Toutefois, rappelons que l’Amérique d’aujourd’hui est loin de faire l’unanimité à travers le monde. L’on pourrait même affirmer que les USA ont rarement été aussi décriés. En cause, le nouveau locataire de la Maison Blanche, qui, entre déclarations incendiaires et amateurisme politique, met du plomb dans l’aile de l’Aigle américain. Donald Trump, agace et irrite beaucoup sur l’échiquier international, et il se pourrait même qu’il soit un des principaux handicaps à la candidature américaine. L’image de marque des USA ne cesse de dégringoler avec les divers déboires et démêlés de Trump, et aussi à cause du leadership de leur grand rival de l’est, la Russie, qui n’a jamais été aussi puissante avec à sa tête Vladimir Poutine dont le charisme fait pâlir le monde entier. Autre handicap de la candidature américaine, c’est sa grande étendue géographique. Ce fait n’arrange pas les délégations des équipes nationales qui devront assez fréquemment se déplacer et changer de fuseau horaire.

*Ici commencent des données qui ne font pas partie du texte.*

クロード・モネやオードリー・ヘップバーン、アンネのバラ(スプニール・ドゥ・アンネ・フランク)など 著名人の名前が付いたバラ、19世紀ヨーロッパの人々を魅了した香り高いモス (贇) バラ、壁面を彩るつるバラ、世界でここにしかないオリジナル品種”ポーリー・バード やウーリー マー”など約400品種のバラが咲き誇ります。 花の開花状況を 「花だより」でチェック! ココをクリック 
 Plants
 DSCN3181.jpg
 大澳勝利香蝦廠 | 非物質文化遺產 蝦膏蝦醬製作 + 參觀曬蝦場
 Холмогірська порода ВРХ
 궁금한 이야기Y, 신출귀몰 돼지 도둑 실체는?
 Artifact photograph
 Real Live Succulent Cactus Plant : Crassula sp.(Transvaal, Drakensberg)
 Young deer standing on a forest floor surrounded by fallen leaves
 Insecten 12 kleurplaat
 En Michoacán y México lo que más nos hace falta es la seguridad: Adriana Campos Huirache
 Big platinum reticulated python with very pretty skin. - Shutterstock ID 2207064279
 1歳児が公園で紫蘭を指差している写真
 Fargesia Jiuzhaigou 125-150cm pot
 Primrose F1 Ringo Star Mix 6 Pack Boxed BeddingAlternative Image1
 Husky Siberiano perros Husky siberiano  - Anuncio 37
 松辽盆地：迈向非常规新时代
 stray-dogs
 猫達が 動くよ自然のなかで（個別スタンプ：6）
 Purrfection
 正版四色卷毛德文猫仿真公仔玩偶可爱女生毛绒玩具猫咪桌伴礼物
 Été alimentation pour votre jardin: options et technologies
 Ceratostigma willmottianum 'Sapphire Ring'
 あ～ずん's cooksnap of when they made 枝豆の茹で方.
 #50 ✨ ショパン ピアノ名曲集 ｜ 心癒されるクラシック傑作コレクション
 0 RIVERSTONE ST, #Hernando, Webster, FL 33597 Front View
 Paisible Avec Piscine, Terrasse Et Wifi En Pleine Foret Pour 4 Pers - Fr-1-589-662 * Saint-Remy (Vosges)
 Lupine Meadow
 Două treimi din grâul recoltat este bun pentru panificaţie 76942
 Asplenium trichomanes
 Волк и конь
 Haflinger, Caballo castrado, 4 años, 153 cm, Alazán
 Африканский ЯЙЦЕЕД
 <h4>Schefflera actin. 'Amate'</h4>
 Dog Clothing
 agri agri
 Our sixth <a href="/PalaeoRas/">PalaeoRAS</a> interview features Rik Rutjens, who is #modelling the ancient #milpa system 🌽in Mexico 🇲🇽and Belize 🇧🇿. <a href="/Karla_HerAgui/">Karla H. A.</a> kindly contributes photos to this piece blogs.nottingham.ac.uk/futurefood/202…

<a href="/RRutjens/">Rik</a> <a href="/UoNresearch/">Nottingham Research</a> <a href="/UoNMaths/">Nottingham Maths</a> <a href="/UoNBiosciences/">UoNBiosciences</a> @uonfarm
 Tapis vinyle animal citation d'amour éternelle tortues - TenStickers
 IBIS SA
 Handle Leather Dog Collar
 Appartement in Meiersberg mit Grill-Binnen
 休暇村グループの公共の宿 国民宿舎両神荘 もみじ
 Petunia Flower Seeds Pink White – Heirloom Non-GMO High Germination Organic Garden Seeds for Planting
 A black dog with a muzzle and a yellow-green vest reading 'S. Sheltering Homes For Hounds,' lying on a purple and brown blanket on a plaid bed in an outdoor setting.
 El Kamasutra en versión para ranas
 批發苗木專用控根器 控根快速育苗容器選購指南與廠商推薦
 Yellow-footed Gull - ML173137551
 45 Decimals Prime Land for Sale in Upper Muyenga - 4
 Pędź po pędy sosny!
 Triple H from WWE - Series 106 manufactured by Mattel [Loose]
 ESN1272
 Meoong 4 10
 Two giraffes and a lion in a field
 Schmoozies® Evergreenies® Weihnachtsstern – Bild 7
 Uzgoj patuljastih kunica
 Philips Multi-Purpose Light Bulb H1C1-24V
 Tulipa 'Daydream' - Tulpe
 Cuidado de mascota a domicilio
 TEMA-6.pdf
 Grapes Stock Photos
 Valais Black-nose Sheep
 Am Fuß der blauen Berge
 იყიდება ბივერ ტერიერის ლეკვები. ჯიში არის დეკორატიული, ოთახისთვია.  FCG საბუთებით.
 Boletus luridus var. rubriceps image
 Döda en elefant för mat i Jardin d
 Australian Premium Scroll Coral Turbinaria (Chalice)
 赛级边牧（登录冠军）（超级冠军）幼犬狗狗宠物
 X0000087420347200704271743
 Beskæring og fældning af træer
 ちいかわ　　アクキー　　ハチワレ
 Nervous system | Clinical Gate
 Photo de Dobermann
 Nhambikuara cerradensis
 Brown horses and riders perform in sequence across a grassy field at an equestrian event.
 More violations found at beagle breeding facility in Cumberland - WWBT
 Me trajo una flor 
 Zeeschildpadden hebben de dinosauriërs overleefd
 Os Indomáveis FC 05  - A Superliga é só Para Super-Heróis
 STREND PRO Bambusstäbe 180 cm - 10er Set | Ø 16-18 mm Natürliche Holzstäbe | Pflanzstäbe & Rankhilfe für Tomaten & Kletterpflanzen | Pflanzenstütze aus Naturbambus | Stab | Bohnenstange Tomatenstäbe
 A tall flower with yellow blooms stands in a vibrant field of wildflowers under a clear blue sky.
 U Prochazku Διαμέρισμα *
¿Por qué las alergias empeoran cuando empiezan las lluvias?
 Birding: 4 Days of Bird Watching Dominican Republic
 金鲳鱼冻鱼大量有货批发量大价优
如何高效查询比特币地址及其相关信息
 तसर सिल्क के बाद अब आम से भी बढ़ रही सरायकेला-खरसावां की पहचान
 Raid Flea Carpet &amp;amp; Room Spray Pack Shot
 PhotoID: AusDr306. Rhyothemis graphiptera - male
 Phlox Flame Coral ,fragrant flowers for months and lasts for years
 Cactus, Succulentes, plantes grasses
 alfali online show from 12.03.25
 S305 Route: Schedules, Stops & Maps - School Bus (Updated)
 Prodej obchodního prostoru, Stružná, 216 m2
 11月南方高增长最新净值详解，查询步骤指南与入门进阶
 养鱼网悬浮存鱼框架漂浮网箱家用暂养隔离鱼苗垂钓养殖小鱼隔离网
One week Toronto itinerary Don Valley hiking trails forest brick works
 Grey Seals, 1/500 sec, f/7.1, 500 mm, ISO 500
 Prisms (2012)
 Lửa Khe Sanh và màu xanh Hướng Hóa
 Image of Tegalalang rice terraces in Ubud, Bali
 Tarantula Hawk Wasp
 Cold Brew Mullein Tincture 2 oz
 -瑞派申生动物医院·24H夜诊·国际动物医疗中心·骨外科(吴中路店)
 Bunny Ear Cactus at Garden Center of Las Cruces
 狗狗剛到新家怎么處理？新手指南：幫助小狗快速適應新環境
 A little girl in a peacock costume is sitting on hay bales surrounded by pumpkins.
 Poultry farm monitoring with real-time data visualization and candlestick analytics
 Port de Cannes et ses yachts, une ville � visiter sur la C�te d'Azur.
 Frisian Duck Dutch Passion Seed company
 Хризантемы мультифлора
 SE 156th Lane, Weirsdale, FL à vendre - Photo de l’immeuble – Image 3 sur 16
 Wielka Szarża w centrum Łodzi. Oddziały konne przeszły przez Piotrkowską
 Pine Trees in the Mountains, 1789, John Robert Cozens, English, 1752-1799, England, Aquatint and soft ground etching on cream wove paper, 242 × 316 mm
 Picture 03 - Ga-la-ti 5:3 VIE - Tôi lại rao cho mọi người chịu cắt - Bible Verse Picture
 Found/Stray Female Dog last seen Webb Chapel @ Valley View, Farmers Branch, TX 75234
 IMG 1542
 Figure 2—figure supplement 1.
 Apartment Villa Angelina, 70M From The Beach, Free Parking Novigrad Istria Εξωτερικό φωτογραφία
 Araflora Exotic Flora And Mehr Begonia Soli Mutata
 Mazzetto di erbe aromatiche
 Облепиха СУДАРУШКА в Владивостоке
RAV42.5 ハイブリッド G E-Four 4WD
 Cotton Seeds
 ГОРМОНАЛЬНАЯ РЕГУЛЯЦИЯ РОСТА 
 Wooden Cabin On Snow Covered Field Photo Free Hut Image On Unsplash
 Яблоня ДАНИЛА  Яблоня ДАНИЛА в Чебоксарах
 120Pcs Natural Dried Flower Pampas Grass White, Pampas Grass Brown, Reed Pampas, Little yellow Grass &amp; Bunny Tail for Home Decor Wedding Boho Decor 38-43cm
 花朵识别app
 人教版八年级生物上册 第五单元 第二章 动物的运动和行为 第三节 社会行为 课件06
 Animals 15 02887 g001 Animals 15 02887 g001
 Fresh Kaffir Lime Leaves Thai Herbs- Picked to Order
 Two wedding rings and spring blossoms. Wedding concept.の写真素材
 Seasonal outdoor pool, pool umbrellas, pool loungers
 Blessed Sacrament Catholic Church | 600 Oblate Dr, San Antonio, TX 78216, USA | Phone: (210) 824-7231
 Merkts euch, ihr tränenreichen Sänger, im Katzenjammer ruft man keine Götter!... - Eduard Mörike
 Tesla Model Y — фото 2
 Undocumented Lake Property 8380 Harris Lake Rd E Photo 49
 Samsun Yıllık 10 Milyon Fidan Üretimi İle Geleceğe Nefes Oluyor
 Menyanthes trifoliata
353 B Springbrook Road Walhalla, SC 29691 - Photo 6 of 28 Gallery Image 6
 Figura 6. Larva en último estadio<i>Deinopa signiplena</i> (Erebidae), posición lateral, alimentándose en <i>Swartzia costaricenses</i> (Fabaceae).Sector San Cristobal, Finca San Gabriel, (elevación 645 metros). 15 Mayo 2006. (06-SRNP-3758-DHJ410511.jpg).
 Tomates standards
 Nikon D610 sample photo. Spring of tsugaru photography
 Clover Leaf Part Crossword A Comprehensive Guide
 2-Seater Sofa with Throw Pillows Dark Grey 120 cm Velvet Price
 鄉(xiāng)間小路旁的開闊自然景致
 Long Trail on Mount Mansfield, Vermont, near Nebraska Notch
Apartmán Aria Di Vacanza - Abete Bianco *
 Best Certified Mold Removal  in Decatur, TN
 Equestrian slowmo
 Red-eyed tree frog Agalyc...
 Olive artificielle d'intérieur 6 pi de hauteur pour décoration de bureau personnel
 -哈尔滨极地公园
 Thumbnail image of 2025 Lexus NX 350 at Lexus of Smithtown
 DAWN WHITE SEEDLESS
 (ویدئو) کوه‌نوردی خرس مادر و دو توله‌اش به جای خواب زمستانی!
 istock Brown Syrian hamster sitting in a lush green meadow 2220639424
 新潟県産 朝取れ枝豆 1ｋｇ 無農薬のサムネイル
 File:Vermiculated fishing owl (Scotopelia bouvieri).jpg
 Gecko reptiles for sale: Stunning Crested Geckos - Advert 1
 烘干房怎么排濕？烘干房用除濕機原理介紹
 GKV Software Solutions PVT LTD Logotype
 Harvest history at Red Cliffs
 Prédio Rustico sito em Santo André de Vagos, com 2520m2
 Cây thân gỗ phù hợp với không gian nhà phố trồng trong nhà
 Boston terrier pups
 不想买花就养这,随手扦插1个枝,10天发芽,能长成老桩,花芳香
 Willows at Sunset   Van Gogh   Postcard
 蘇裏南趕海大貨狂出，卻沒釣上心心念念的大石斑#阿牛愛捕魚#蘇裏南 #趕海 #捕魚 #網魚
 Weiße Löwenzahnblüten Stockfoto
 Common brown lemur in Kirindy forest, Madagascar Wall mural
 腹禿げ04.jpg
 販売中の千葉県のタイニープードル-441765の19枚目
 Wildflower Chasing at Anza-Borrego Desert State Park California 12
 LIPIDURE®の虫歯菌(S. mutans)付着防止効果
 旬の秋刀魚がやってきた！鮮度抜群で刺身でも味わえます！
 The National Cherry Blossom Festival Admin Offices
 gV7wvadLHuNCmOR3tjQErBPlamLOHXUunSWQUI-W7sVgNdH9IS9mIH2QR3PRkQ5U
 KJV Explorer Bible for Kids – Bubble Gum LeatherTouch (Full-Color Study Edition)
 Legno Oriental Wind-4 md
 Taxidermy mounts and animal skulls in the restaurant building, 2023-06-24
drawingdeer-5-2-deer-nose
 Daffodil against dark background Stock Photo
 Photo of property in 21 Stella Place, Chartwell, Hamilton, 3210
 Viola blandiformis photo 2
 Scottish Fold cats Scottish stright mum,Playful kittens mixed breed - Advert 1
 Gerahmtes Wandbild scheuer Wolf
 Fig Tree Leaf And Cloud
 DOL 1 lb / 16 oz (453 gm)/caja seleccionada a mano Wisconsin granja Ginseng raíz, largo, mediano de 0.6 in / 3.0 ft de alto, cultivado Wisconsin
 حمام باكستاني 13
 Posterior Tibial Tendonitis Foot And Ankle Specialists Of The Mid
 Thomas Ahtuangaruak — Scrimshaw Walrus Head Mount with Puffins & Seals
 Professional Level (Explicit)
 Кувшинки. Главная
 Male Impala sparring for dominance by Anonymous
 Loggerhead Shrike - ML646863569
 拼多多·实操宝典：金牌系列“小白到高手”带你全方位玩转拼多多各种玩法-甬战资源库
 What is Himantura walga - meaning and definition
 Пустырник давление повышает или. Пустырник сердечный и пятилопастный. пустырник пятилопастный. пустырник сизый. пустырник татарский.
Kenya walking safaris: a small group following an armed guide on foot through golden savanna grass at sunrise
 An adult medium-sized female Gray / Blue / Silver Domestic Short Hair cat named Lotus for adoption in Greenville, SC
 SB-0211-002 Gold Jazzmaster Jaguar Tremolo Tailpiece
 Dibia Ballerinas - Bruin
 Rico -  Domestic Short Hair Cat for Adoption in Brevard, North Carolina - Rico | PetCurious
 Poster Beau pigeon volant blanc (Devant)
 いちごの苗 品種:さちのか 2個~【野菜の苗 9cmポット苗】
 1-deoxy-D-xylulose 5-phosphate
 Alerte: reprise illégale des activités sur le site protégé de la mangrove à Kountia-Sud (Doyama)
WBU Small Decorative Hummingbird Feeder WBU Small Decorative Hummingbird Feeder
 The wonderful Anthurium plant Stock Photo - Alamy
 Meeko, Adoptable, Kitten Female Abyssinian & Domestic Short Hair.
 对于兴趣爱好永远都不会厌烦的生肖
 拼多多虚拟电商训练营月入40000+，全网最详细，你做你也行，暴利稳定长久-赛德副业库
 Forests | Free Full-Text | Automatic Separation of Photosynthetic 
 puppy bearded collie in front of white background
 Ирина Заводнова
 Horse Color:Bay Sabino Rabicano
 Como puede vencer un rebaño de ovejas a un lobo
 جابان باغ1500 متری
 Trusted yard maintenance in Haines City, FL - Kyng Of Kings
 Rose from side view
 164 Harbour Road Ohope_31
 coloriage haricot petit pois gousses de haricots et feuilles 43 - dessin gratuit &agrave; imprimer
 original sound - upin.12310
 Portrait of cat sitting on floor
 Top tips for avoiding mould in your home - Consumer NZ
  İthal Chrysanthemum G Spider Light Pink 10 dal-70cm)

La candidature africaine, elle, malgré sa relative modestie, offre une seule et même assise physique à l’évènement. Aussi, le Maroc se situe à seulement 14 kilomètre de l’Europe, avec un fuseau horaire bien à son avantage. Autre point fort de la candidature marocaine, c’est sa dimension affective. Elle est portée par tout un continent. Même le rival algérien est prêt à soutenir le Maroc, comme le montre les déclarations du nouveau président de la Fédération algérienne, Kheireddine Zetchi qui dit que son pays est prêt pour être « aux côtés du Maroc s’il a besoin du soutien d’un pays frère ». Des stars africaines du football comme Didier Drogba ou encore Samuel Eto’o sont de très bons ambassadeurs pour la candidature africaine.
Rendez-vous est donné pour le 13 juin prochain à Moscou lors du Congrès de la FIFA en marge du début de la Coupe du Monde. Fait important à noter, pour la première fois, le choix sera opéré sur vote des 211 représentants des fédérations membres.
Sport et géopolitique, souvent liés
Plusieurs fois, la géopolitique et le sport se sont entremêlés, donnant lieu à des scènes inédites. L’on se rappelle, qu’en 1998 en France lors de la Coupe du monde de football, avec la confrontation entre les équipes des USA et d’Iran, une relation d’amitié était née entre les sélectionneurs des deux formations malgré les relations politiques tendues entre les deux pays. Egalement, l’image dans les tribunes d’un supporter américain embrassant une iranienne fit le tour du monde. Avant le début de la saison 2017-2018 en Europe, c’est le mirobolant achat du footballeur brésilien Neymar (222 millions d’euros) du FC Barcelone au Paris Saint-Germain, version qatarienne, défraya la chronique. Là aussi, le Qatar, à travers son soft power, voulait montrer à la face du monde entier, qu’il était innocent des accusations de « bailleur du terrorisme » dont il faisait l’objet de la part de pays du Golfe et aussi des USA. Le richissime Emirat avait ainsi réalisé un énorme coup de com’, en alliant d’une même pierre, géopolitique, show-business et sport.